Je fus donc envoyé à Oxford : au collège universitaire Somerville que l’on avait,  transformé en hôpital. Là, il m’apparut que j’en avais peut-être fini avec la guerre qui ne pouvait plus maintenant durer très longtemps. L’idée me plaisait et me déplaisait à la fois. Il ne me plaisait pas d’être loin du régiment qui se battait en France. Mais il me plai­sait d’imaginer que j’avais une chance d’être encore vivant à la fin de la guerre. Cependant, Siegfried avait lui aussi reçu sa feuille d’embarquement et avait tenté de me suivre au Deuxième Bataillon ; il n’y était arrivé que pour me trouver parti. J’eus le sentiment de l’avoir plus ou moins laissé tomber. Mais il m’écri­vit qu’il était indiciblement soulagé de me savoir sain et sauf et de retour en Angleterre.

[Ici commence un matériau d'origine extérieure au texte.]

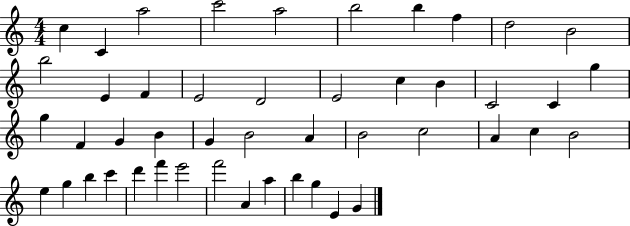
X:1
T:Untitled
M:4/4
L:1/4
K:C
c C a2 c'2 a2 b2 b f d2 B2 b2 E F E2 D2 E2 c B C2 C g g F G B G B2 A B2 c2 A c B2 e g b c' d' f' e'2 f'2 A a b g E G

Nous nous demandions maintenant s’il convenait que la guerre se poursuivît. L’on disait qu’Asquith avait en automne 1915 reçu des offres de paix sur la base du statu quo ante, qu’il avait bien voulu prendre en considération ; mais l’opposition de ses collègues avait entraîné la chute du gouvernement libéral et son remplacement par le gouvernement de la coalition des « Nous gagnerons la  guerre » conduite par Lloyd George. Siegfried sou­tenait avec passion que l’on aurait dù accepter les offres de paix ; j’étais d’accord avec lui. Nous ne pouvions  plus voir dans cette guerre un conflit entre deux puissances commerciales rivales ; il nous paraissait qu’en la continuant les jeunes générations d’idéa­listes ne faisaient que sacrifier à la bêtise et à l’effroi protection­niste de leurs aînés. Ce fut à cette époque que je rédigeai cette note facétieuse :

« La guerre devrait être un sport réservé uniquement aux hommes de plus de quarante-cinq ans, aux Jessé et non aux David. Eh bien, mon cher père,  comme je suis fier de vous voir servir le pays comme un gentleman des plus courageux et être prêt même à faire le suprême sacrifice ! Ah si seulement j’avais votre âge ! Avec quel empressement j’endosserais mon  armure pour aller combattre ces inqualifiables philistins ! Bien sùr, l’on ne peut dans les circonstances actuelles se passer de moi ; il me faut absolument rester au ministère de la Guerre et gérer les biens qui vous appartiennent, ô heureux vieillards ! Jusqu’où n’ont  pas  été mes sacrifices ! soupirerait David lorsque les ancêtres l’auraient en chantant  Tipperary quitté pour le front à la tête d’un contingent de guerriers. Voilà ! mon père, mon oncle Salomon et mes deux grands-pères : tous dans le service actif ! Il faut mettre une carte à  la fenêtre* ! »

________________

* Pendant la guerre, on lisait sur un petit  carton collé à la fenêtre des maisons le nom du soldat qui était parti au front. [N.d. T.]

 

 

 

 

Hommes de lettres, pacifistes et responsables de la guerre

 

Pendant le stage que je dirigeai au bataillon, je me rendais presque tous les dimanches au village de Garsington. Les amis de Siegfried, Philip et Lady Ottoline Morrell, habitaient le manoir. Les Morrell étaient pacifistes et ce furent eux qui les pre­miers me firent comprendre que l’on pouvait envisager la ques­tion de savoir à qui l’on devait imputer la responsabilité de la guerre sous un autre angle. Clive Bell, le critique d’art le plus éminent d’Angleterre, était objecteur de conscience et gardait les vaches à la ferme du manoir. On lui avait permis  d’accomplir ce « travail qui revêtait une importance nationale » au lieu de partir sous les drapeaux. Aldous Huxley, Lytton Strachey et l’Hono­rable Bertrand Russell venaient souvent les voir. Aldous était inapte au service ; sans quoi on l’aurait certainement versé dans l’armée comme Osbert et Sacheverell Sitwell, Herbert Read, Siegfried, Wilfred Owen, moi-même et la plupart des autres jeunes écrivains de l’époque dont aucun ne croyait plus mainte­nant à la guerre.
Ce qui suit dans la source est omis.